Problem to solve: Beginning with the line that holds "A Very Monstrous" and finishing with the line that holds "A. Regular Bracket", repeat the listing exactly, leaving every picture out.

Data for this task:
---+---

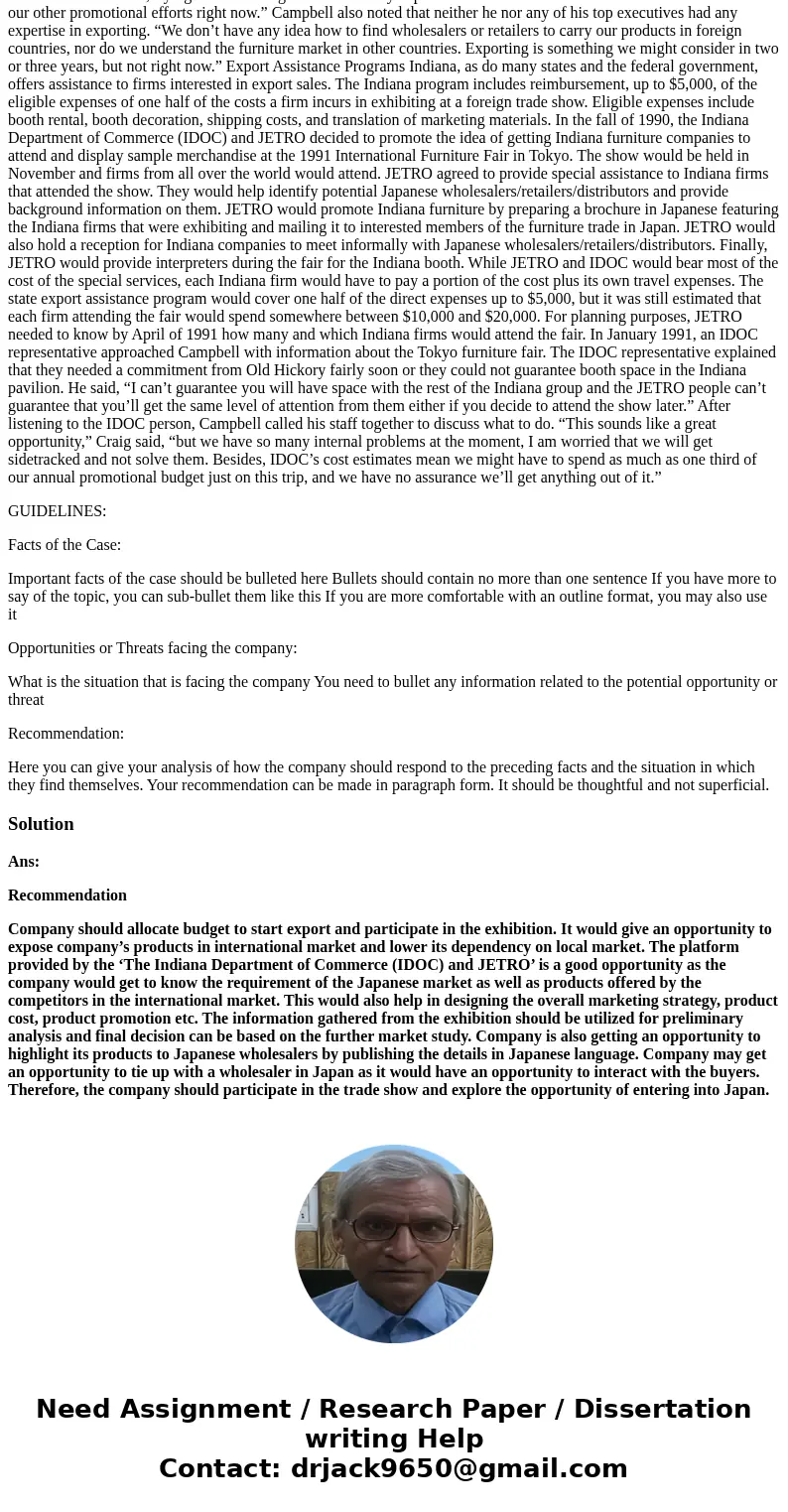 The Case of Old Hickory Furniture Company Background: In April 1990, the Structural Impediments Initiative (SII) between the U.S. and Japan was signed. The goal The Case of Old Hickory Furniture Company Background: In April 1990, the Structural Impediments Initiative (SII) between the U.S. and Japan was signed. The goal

---+---

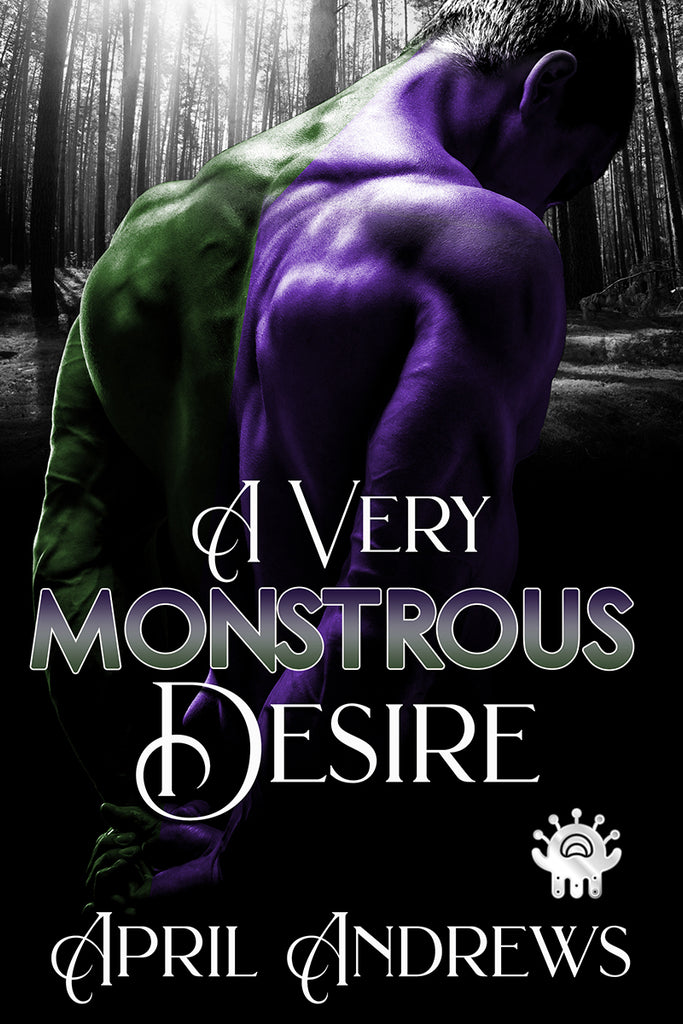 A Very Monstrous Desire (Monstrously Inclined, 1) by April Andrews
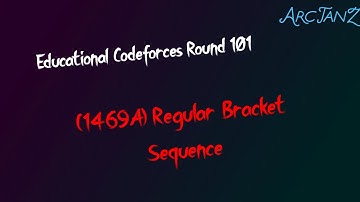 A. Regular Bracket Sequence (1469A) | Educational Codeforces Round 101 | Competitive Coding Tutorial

---+---

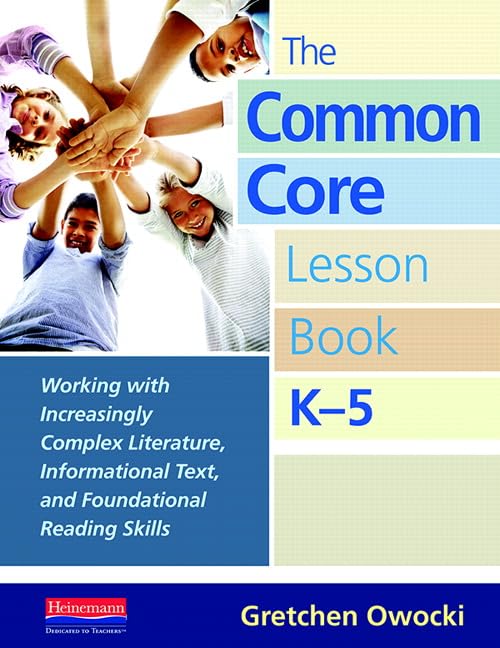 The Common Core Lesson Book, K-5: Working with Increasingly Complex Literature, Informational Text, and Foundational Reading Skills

---+---

Response to this task:
 A Very Monstrous Desire (Monstrously Inclined, 1) by April Andrews
 A. Regular Bracket Sequence (1469A) | Educational Codeforces Round 101 | Competitive Coding Tutorial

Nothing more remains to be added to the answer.